JOHANNESBURG - Petroleum company Vivo Energy said on Tuesday it had reached an agreement with Engen Holdings to restructure the acquisition of Engen International Holdings (Mauritius)Limited (EIHL) by its subsidiary Vivo Energy Investments B.V.
"The restructured transaction is now unconditional, aside from customary closing conditions including material adverse change clauses," it said.
"All required regulatory and competition authorities’ approvals have been received for the transfer of Engen’s international operations in nine Sub Saharan countries."

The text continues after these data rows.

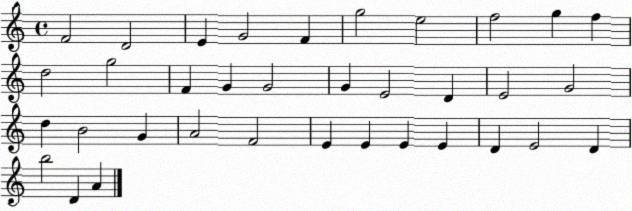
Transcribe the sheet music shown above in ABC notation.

X:1
T:Untitled
M:4/4
L:1/4
K:C
F2 D2 E G2 F g2 e2 f2 g f d2 g2 F G G2 G E2 D E2 G2 d B2 G A2 F2 E E E E D E2 D b2 D A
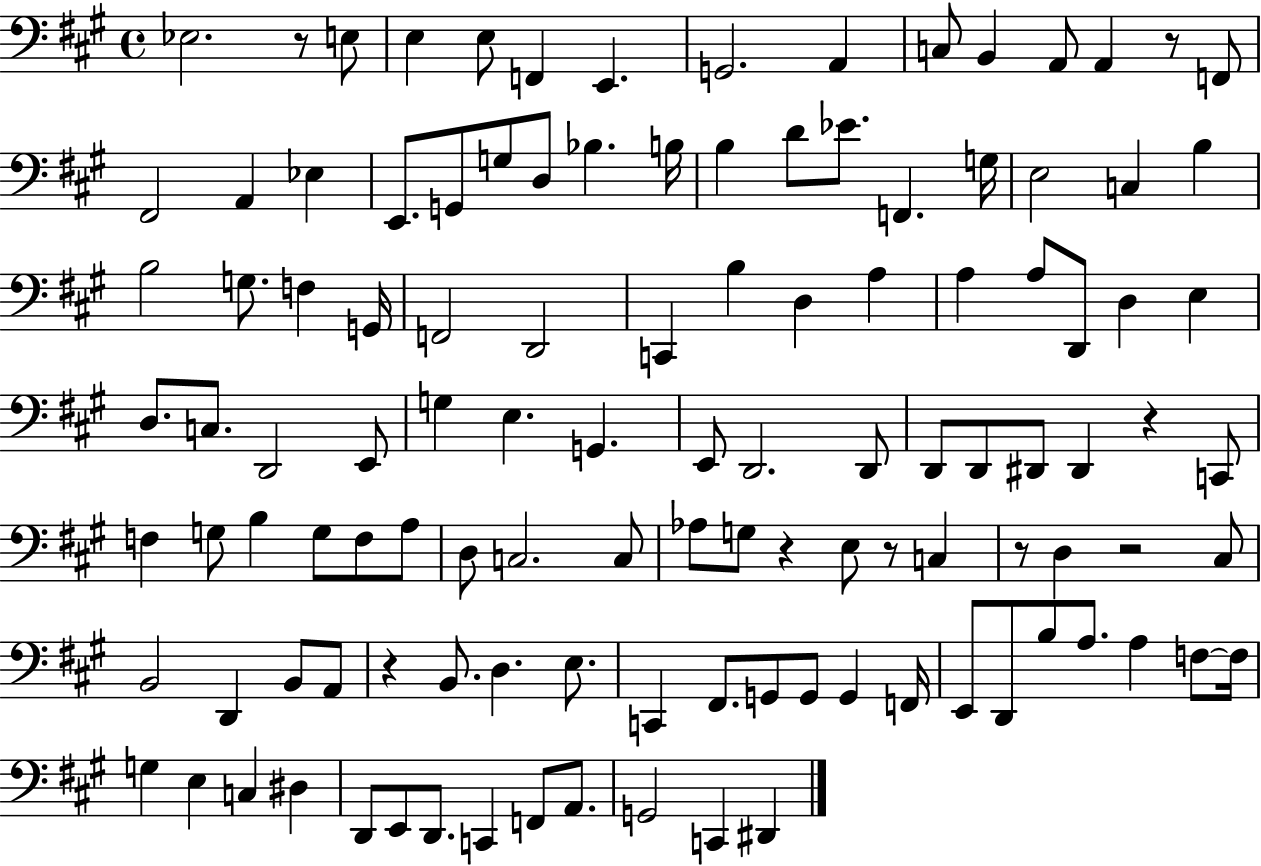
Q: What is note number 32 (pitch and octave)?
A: G3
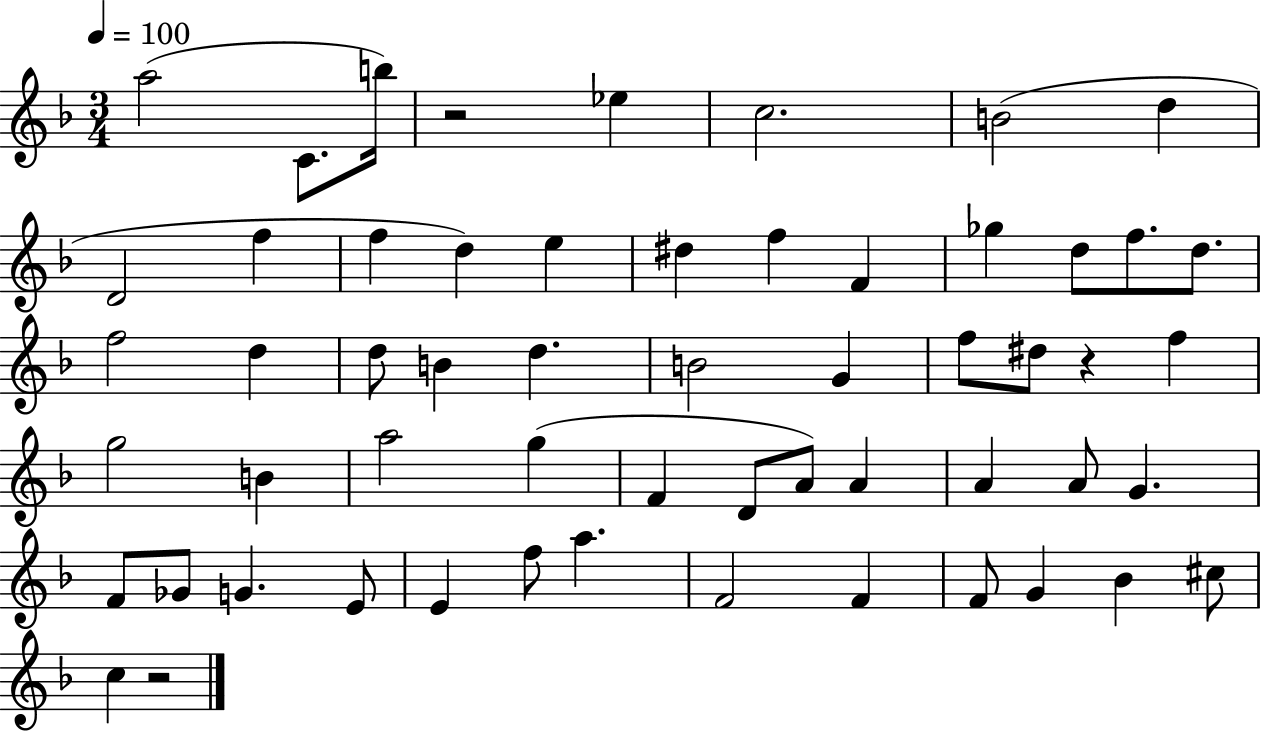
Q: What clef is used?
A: treble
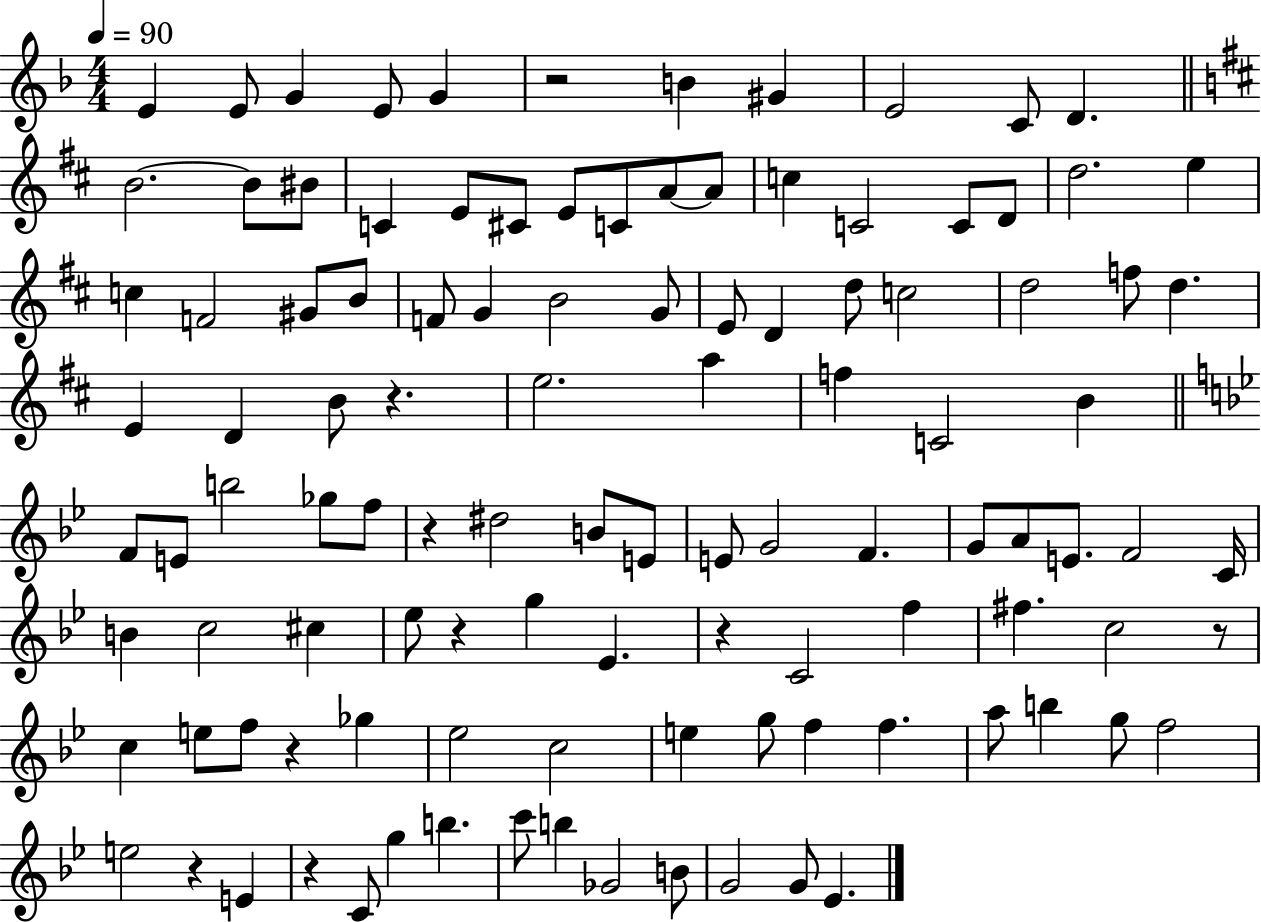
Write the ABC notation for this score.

X:1
T:Untitled
M:4/4
L:1/4
K:F
E E/2 G E/2 G z2 B ^G E2 C/2 D B2 B/2 ^B/2 C E/2 ^C/2 E/2 C/2 A/2 A/2 c C2 C/2 D/2 d2 e c F2 ^G/2 B/2 F/2 G B2 G/2 E/2 D d/2 c2 d2 f/2 d E D B/2 z e2 a f C2 B F/2 E/2 b2 _g/2 f/2 z ^d2 B/2 E/2 E/2 G2 F G/2 A/2 E/2 F2 C/4 B c2 ^c _e/2 z g _E z C2 f ^f c2 z/2 c e/2 f/2 z _g _e2 c2 e g/2 f f a/2 b g/2 f2 e2 z E z C/2 g b c'/2 b _G2 B/2 G2 G/2 _E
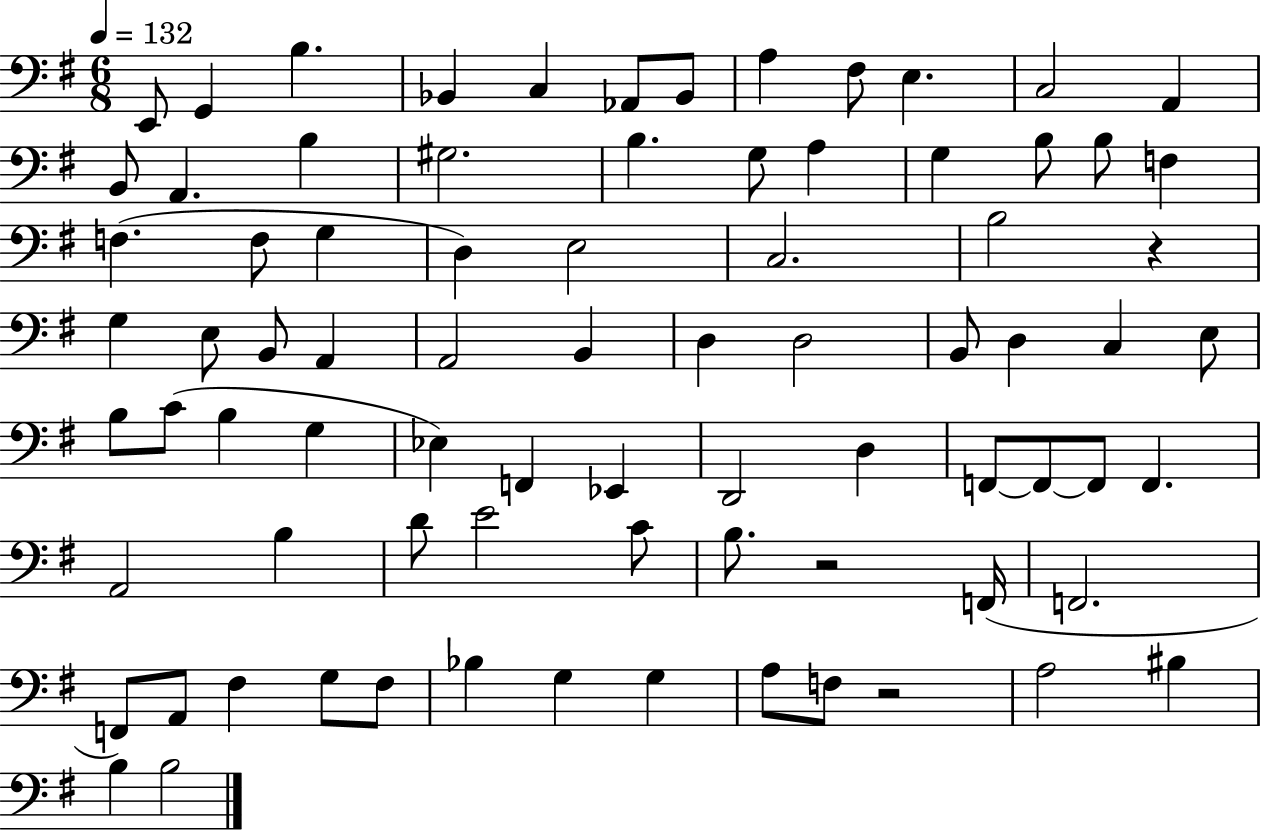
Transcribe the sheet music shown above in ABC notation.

X:1
T:Untitled
M:6/8
L:1/4
K:G
E,,/2 G,, B, _B,, C, _A,,/2 _B,,/2 A, ^F,/2 E, C,2 A,, B,,/2 A,, B, ^G,2 B, G,/2 A, G, B,/2 B,/2 F, F, F,/2 G, D, E,2 C,2 B,2 z G, E,/2 B,,/2 A,, A,,2 B,, D, D,2 B,,/2 D, C, E,/2 B,/2 C/2 B, G, _E, F,, _E,, D,,2 D, F,,/2 F,,/2 F,,/2 F,, A,,2 B, D/2 E2 C/2 B,/2 z2 F,,/4 F,,2 F,,/2 A,,/2 ^F, G,/2 ^F,/2 _B, G, G, A,/2 F,/2 z2 A,2 ^B, B, B,2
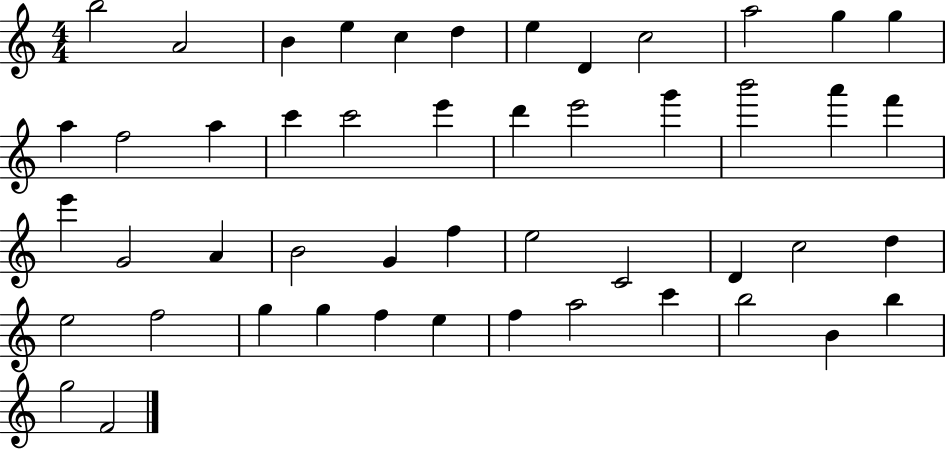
X:1
T:Untitled
M:4/4
L:1/4
K:C
b2 A2 B e c d e D c2 a2 g g a f2 a c' c'2 e' d' e'2 g' b'2 a' f' e' G2 A B2 G f e2 C2 D c2 d e2 f2 g g f e f a2 c' b2 B b g2 F2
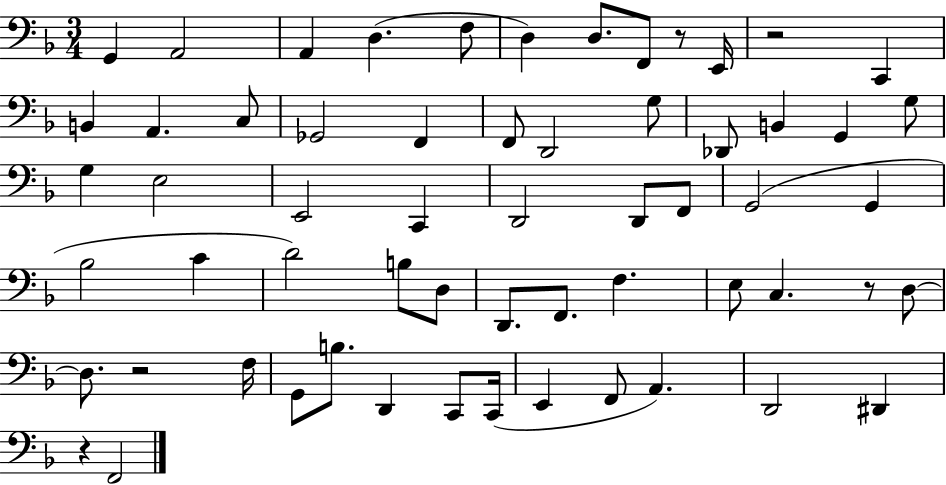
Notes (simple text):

G2/q A2/h A2/q D3/q. F3/e D3/q D3/e. F2/e R/e E2/s R/h C2/q B2/q A2/q. C3/e Gb2/h F2/q F2/e D2/h G3/e Db2/e B2/q G2/q G3/e G3/q E3/h E2/h C2/q D2/h D2/e F2/e G2/h G2/q Bb3/h C4/q D4/h B3/e D3/e D2/e. F2/e. F3/q. E3/e C3/q. R/e D3/e D3/e. R/h F3/s G2/e B3/e. D2/q C2/e C2/s E2/q F2/e A2/q. D2/h D#2/q R/q F2/h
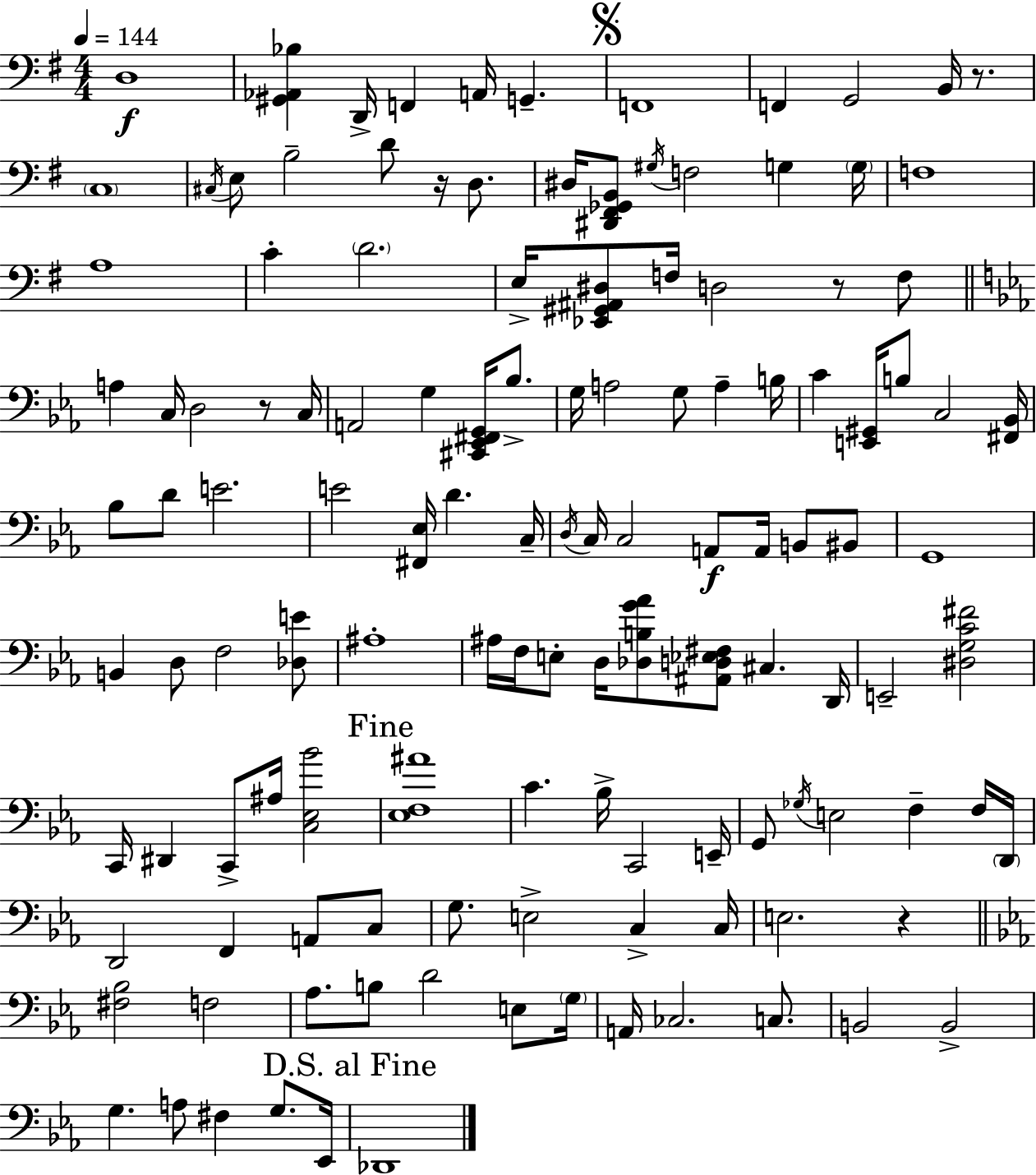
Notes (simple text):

D3/w [G#2,Ab2,Bb3]/q D2/s F2/q A2/s G2/q. F2/w F2/q G2/h B2/s R/e. C3/w C#3/s E3/e B3/h D4/e R/s D3/e. D#3/s [D#2,F#2,Gb2,B2]/e G#3/s F3/h G3/q G3/s F3/w A3/w C4/q D4/h. E3/s [Eb2,G#2,A#2,D#3]/e F3/s D3/h R/e F3/e A3/q C3/s D3/h R/e C3/s A2/h G3/q [C#2,Eb2,F#2,G2]/s Bb3/e. G3/s A3/h G3/e A3/q B3/s C4/q [E2,G#2]/s B3/e C3/h [F#2,Bb2]/s Bb3/e D4/e E4/h. E4/h [F#2,Eb3]/s D4/q. C3/s D3/s C3/s C3/h A2/e A2/s B2/e BIS2/e G2/w B2/q D3/e F3/h [Db3,E4]/e A#3/w A#3/s F3/s E3/e D3/s [Db3,B3,G4,Ab4]/e [A#2,D3,Eb3,F#3]/e C#3/q. D2/s E2/h [D#3,G3,C4,F#4]/h C2/s D#2/q C2/e A#3/s [C3,Eb3,Bb4]/h [Eb3,F3,A#4]/w C4/q. Bb3/s C2/h E2/s G2/e Gb3/s E3/h F3/q F3/s D2/s D2/h F2/q A2/e C3/e G3/e. E3/h C3/q C3/s E3/h. R/q [F#3,Bb3]/h F3/h Ab3/e. B3/e D4/h E3/e G3/s A2/s CES3/h. C3/e. B2/h B2/h G3/q. A3/e F#3/q G3/e. Eb2/s Db2/w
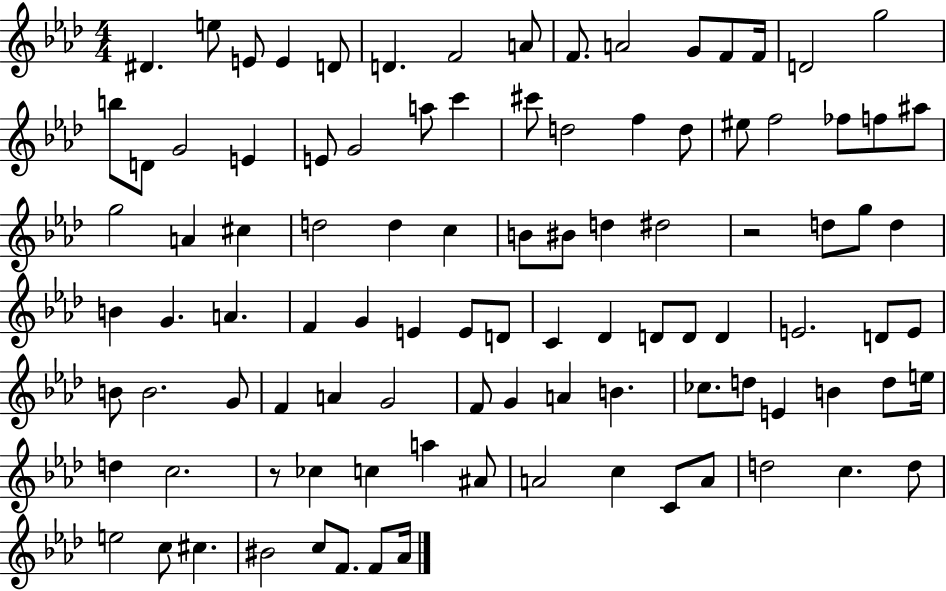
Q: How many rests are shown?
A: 2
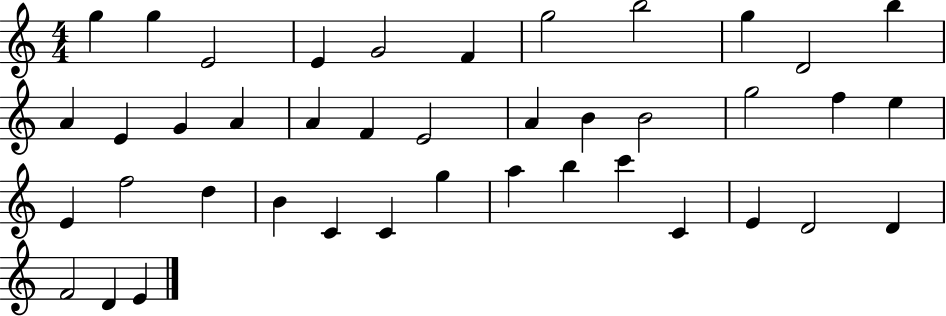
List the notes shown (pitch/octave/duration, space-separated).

G5/q G5/q E4/h E4/q G4/h F4/q G5/h B5/h G5/q D4/h B5/q A4/q E4/q G4/q A4/q A4/q F4/q E4/h A4/q B4/q B4/h G5/h F5/q E5/q E4/q F5/h D5/q B4/q C4/q C4/q G5/q A5/q B5/q C6/q C4/q E4/q D4/h D4/q F4/h D4/q E4/q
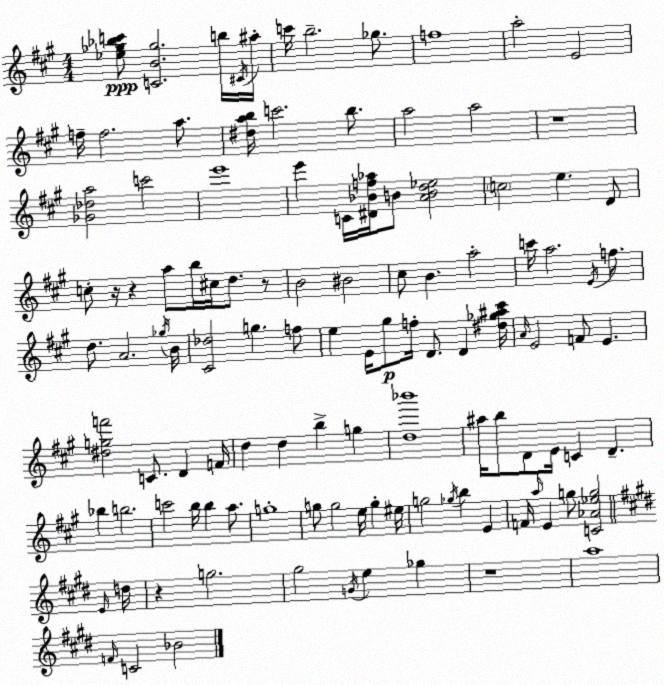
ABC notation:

X:1
T:Untitled
M:4/4
L:1/4
K:A
[_e_g_bc']/2 [CB_g]2 b/4 ^C/4 ^a/4 c'/4 b2 _g/2 f4 a2 E2 f/4 f2 a/2 [^dab]/4 c'2 b/2 a2 a2 z4 [_G_da]2 c'2 e'4 e' C/4 [^D_Bf_a]/4 B/2 [ABd_e]2 c2 e D/2 c/2 z/4 z a/2 b/4 ^c/4 d/2 z/2 B2 ^B2 ^c/2 B a2 c'/4 a2 E/4 f/2 d/2 A2 _g/4 B/4 [^C_d]2 g f/2 e E/4 ^g/2 f/4 D/2 D [^d_g^a^c']/4 A/4 E2 F/2 E [^dgf']2 C/2 D F/4 d d b g [d_b']4 ^a/4 b/2 D/2 E/4 C D _b b2 c'2 b/4 b a/2 g4 g/2 g2 e/4 g ^e/4 g2 _g/4 b E F/4 a/4 E g/2 [C_A_eg]2 E/4 d/4 z g2 ^g2 G/4 e _g z4 a4 F/4 C2 _B2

Vivo Energy said the restructure allowed for completion of the transaction, first announced last December, to proceed in respect of all countries other than the Democratic Republic of Congo (DRC). Completion has been scheduled for 1 March 2019.
The restructured transaction will add operations in eight new countries and over 225 Engen-branded service stations to Vivo Energy’s network, taking its total presence to over 2,000 service stations, across 23 African markets.
The new markets for Vivo Energy are Gabon, Malawi, Mozambique, Reunion, Rwanda, Tanzania, Zambia and Zimbabwe. Engen’s Kenya operations, where Vivo Energy already operates, make up the ninth country included in the transaction.
Consideration for the transfer of EIHL is US$203.9 million, comprising an issue by Vivo Energy of 63.2 million new shares valued at 165 pence per share and US$62.1 million in cash, resulting in Engen holding about five percent shareholding in Vivo Energy.
Vivo said Engen was still in discussions with the DRC government regarding the transfer of the subsidiary holding Engen’s DRC-related interests.
"Vivo Energy continues to evaluate the potential acquisition and negotiations with Engen are ongoing," it said.
Engen Holdings (Pty) Limited retains its interest in Engen Petroleum Limited (its South Africa business and refinery) and Engen’s businesses in Mauritius, Botswana, Ghana, Namibia, Swaziland and Lesotho, which are not part of the transaction.